■ **About this task**
Retype nothing except the lines below from the one with "2016款本田歌诗图2.4L豪华版" through the one with "Saint-Denis – Pleyel, Paris, 2024: Gemeinsame", exactly, with images left out.

■ **Dataset**
*****

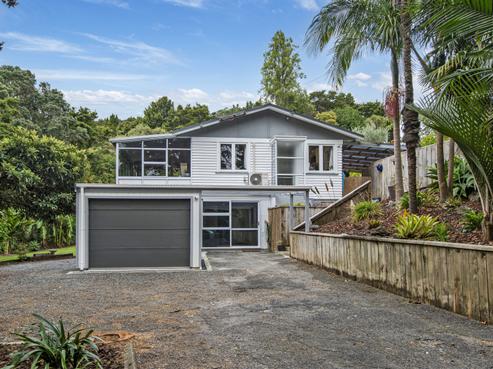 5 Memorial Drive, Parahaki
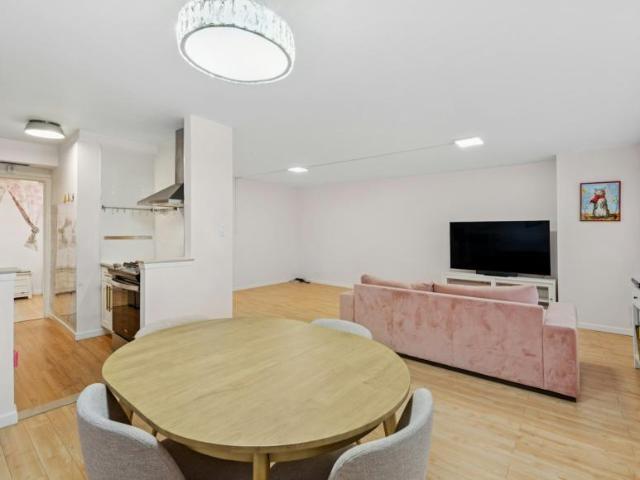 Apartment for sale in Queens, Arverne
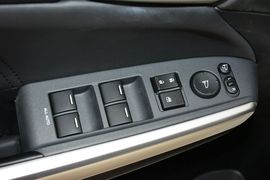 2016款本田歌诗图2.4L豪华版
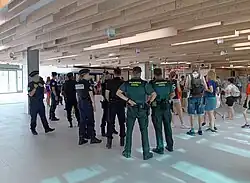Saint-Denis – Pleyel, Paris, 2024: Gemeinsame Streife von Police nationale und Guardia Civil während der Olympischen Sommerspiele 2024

*****

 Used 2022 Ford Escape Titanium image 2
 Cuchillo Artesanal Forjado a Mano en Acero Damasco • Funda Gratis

*****

■ **Result of this task**
 2016款本田歌诗图2.4L豪华版
Saint-Denis – Pleyel, Paris, 2024: Gemeinsame Streife von Police nationale und Guardia Civil während der Olympischen Sommerspiele 2024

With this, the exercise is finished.